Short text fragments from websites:
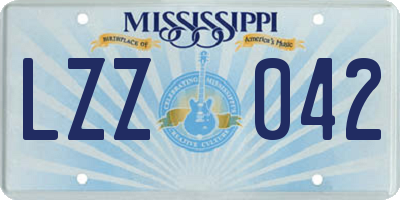 MS license plate LZZ042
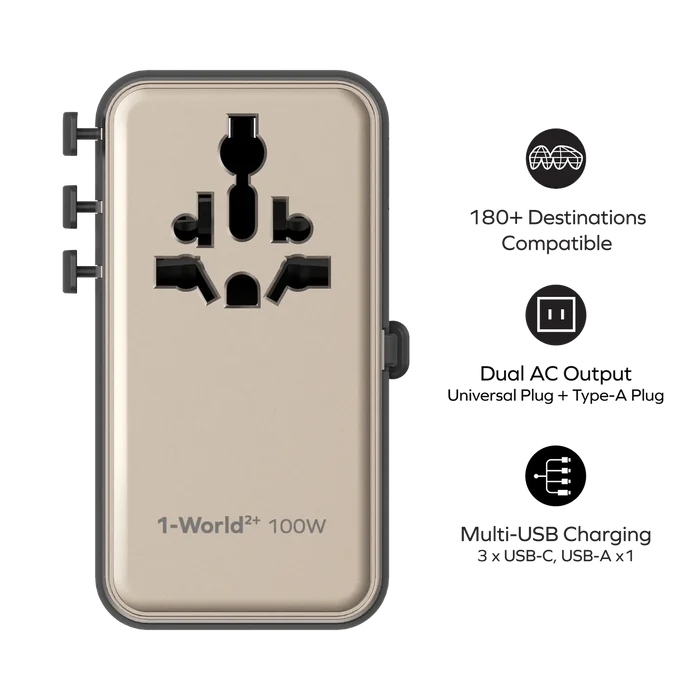 Momax UA25 1-World2+ 100W 4-Port Dual AC Travel Adapter w/ Built-in Retractable Cable - Titanium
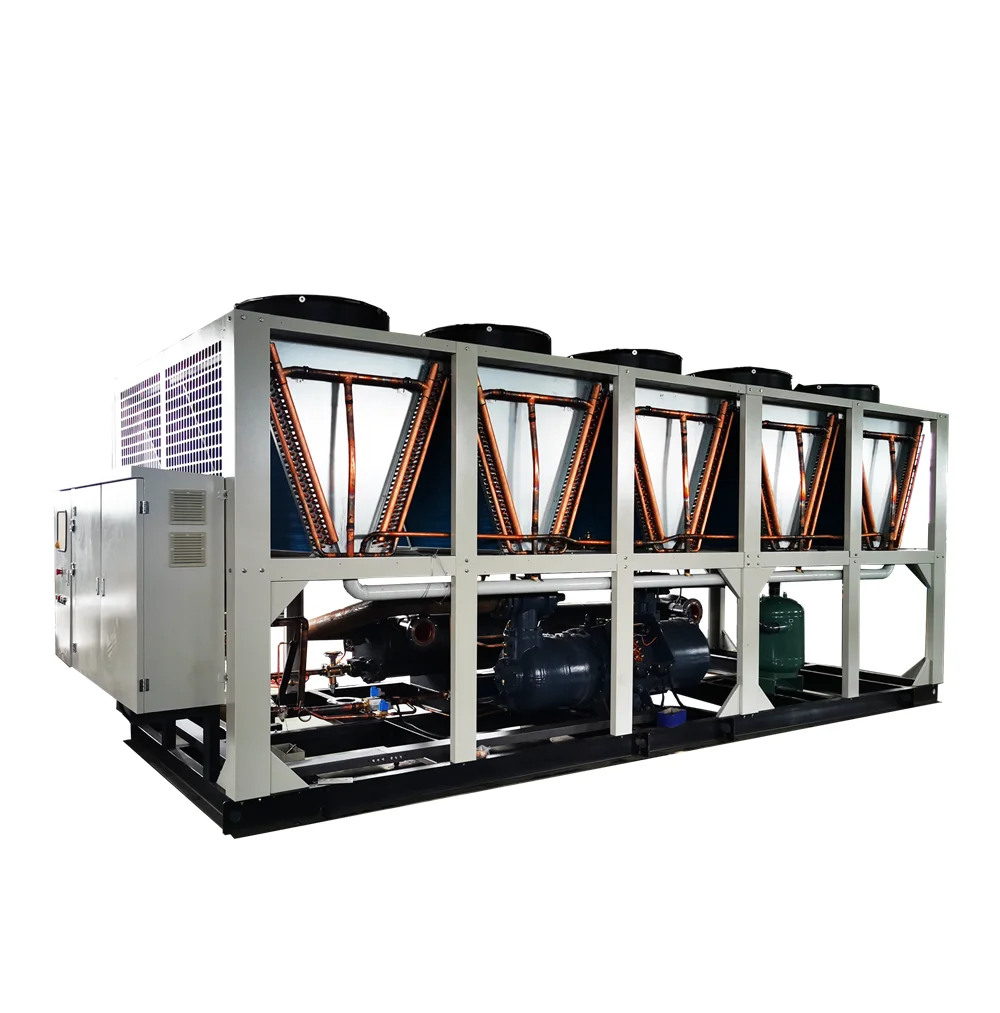 High Effective 100 Ton 150 Ton Capacity Screw Compressor Air Cooled Screw Chiller For Injection Molding Extrusion Machine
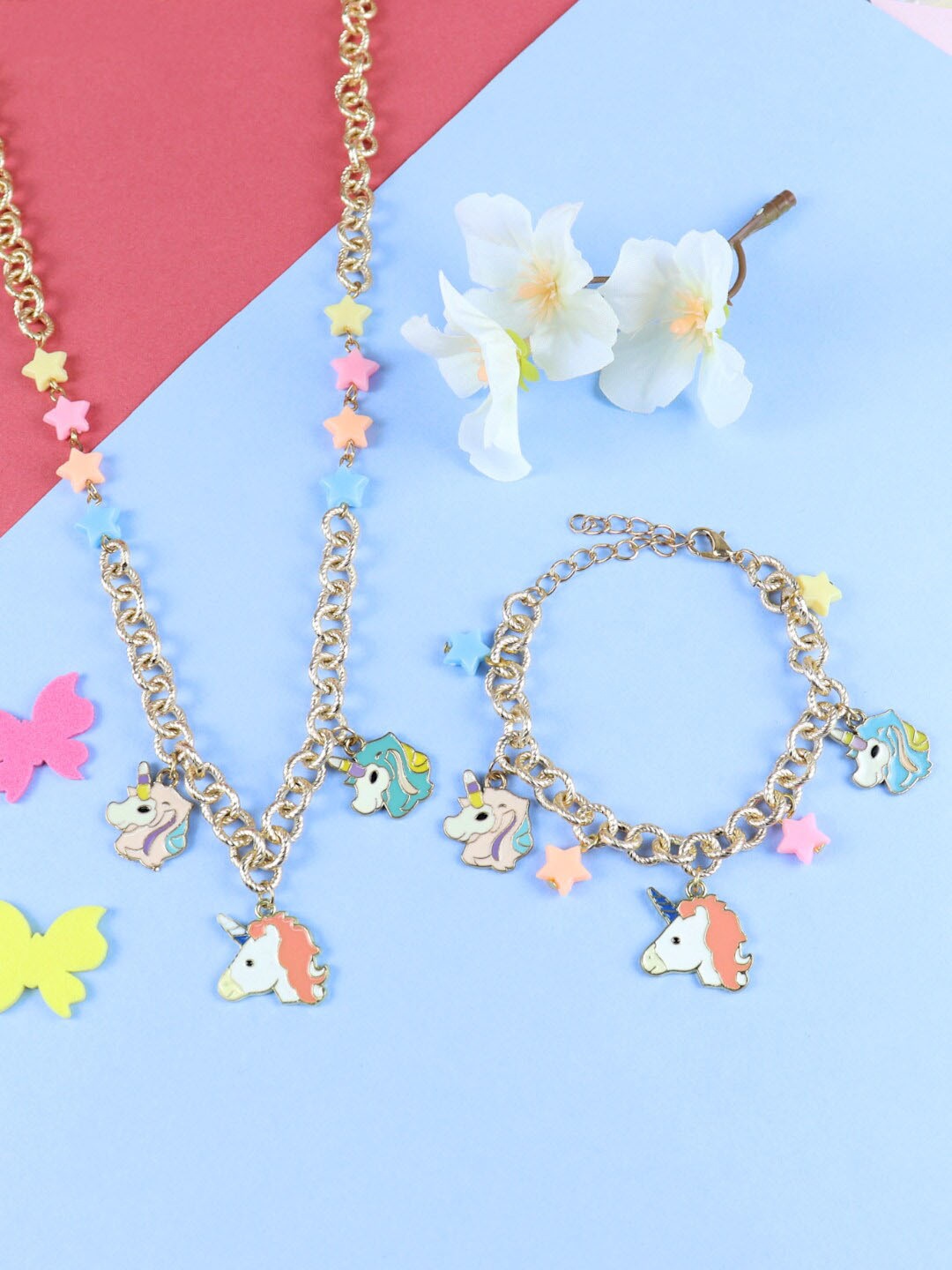 

Asthetika Kids Girls Gold-Plated Unicorn Charm Necklace and Bracelet, Pink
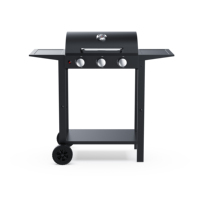 Barbecue à gaz portable 41 pouces à 3 brûleurs, type fût d'huile noir, pour extérieur, patio, jardin, en acier, fer, métal, avec chariot, fonctionnant au propane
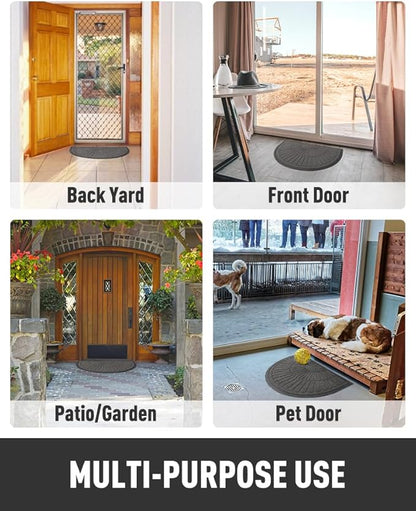 tchdio Door Mat Outdoor Indoor Entrance Doormat-Semicircular Durable Rubber Non - Image 7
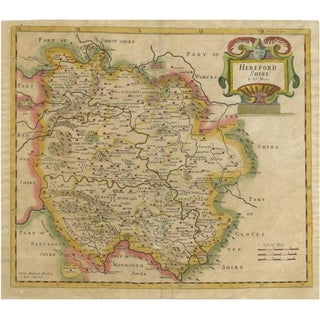 Antique Map of Herefordshire by Morden, 1700s For Sale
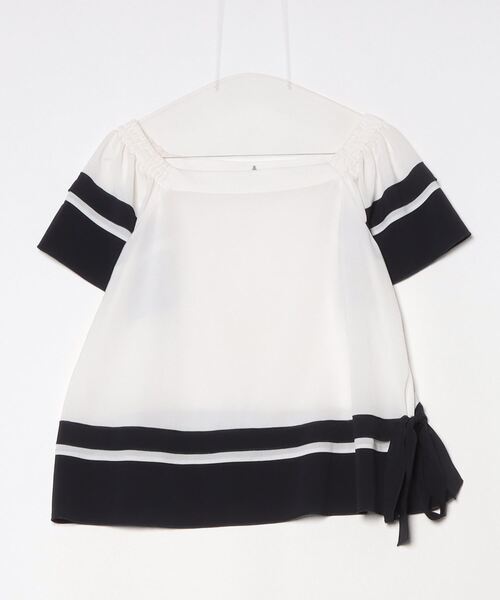 「LANVIN en Bleu」 半袖ブラウス 38 ホワイト レディース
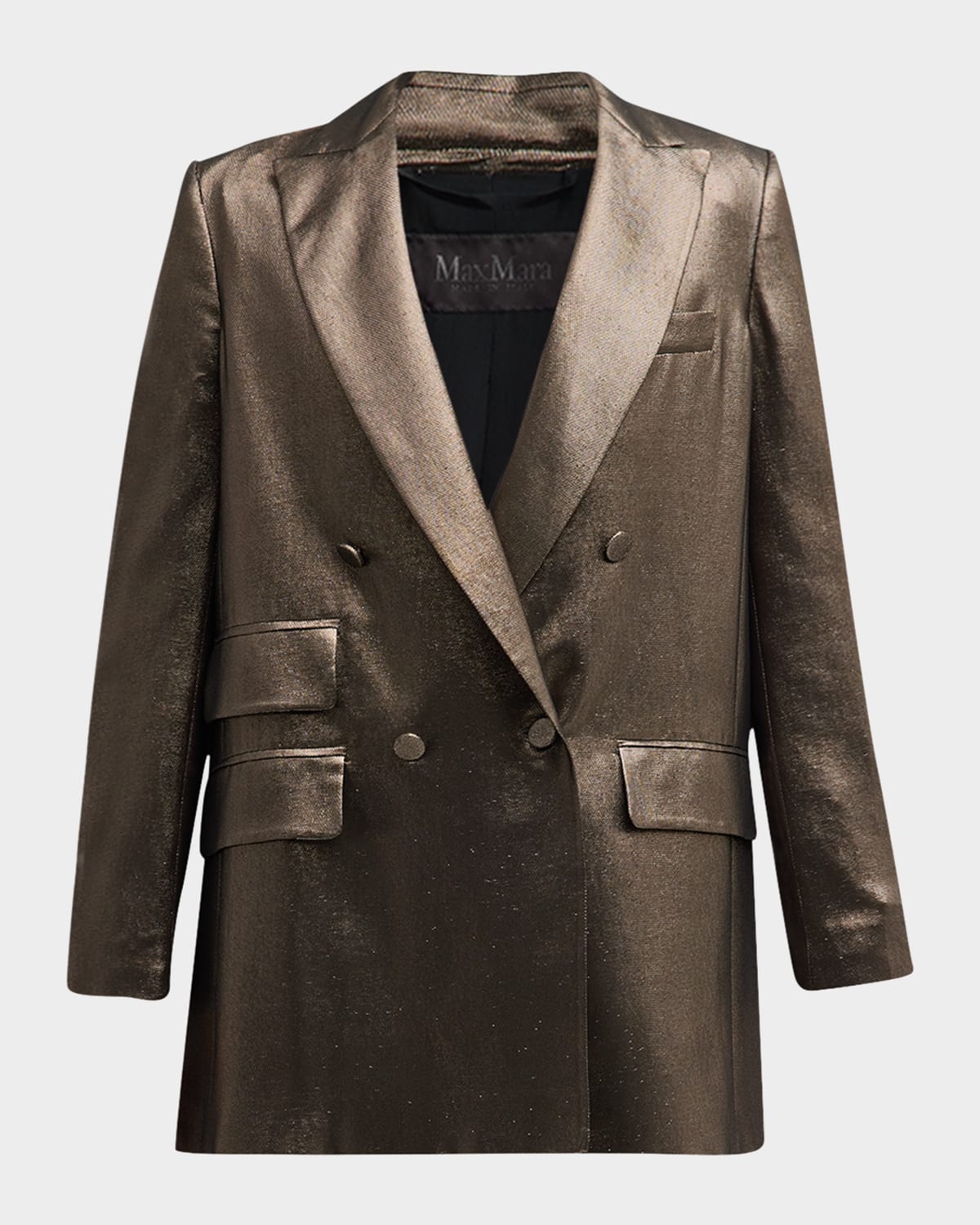 Shop Max Mara Edro Metallic Silk Blazer Jacket In Bronze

WHAT IS EXPECTED -
Exactly the lines from the line with "38 ホワイト レディース" through the end of the data are to be reproduced, and no picture is to be included.

FINISHED EXERCISE -
 「LANVIN en Bleu」 半袖ブラウス 38 ホワイト レディース
 Shop Max Mara Edro Metallic Silk Blazer Jacket In Bronze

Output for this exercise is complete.